Misura cautelare a Foligno dopo mesi di violenze domestiche

La Polizia di Stato di Foligno ha eseguito l’allontanamento immediato di un 55enne dalla propria abitazione, imponendogli anche il divieto di avvicinamento ai familiari coinvolti. Il provvedimento, disposto dal G.I.P. del Tribunale di Spoleto, è stato applicato nella serata del 17 dicembre, dopo una serie di accertamenti che hanno delineato un quadro ritenuto dagli investigatori grave e persistente.

Secondo quanto ricostruito dagli agenti del Commissariato, coordinati dalla Procura della Repubblica di Spoleto, l’uomo avrebbe imposto per mesi un clima di tensione continua all’interno della casa, alternando pressioni psicologiche, insulti e aggressioni fisiche rivolte alla compagna convivente e a una delle figlie, ancora minorenne. Le due vittime, come emerso dalle verifiche, avrebbero sopportato un crescendo di vessazioni, minacce esplicite e ripetuti episodi di violenza, spesso consumati anche davanti alla figlia più piccola.

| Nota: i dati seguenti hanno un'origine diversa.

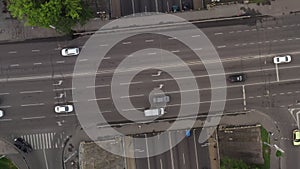 Car traffic at the multi-level junction top view. Shooting traffic from top to bottom with a clockwise turn at the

Gli investigatori hanno evidenziato come diversi episodi fossero collegati allo stato di ubriachezza dell’uomo, che in quelle circostanze avrebbe manifestato scatti d’ira improvvisi, indirizzando accuse infondate alla partner e contestandole presunte mancanze nella gestione economica della famiglia. Una spirale che, con il passare dei mesi, sarebbe diventata sempre più difficile da sostenere.

La donna, dopo l’ennesima escalation, ha deciso di rivolgersi alle forze dell’ordine, consentendo agli agenti di avviare una serie di riscontri che hanno confermato la necessità di un intervento immediato. La Procura di Spoleto, valutata la situazione, ha quindi richiesto l’applicazione di una misura cautelare per tutelare l’incolumità dei familiari.

Il G.I.P., accogliendo la richiesta, ha disposto l’allontanamento del 55enne dalla casa familiare e il divieto assoluto di avvicinamento alla compagna e alle due figlie. Per garantire il rispetto delle prescrizioni, è stato inoltre previsto l’uso di strumenti elettronici di controllo, ritenuti indispensabili per monitorare eventuali violazioni.

All’uomo viene contestato il reato di maltrattamenti in famiglia, ma, come previsto dall’ordinamento, deve essere considerato innocente fino a eventuale condanna definitiva.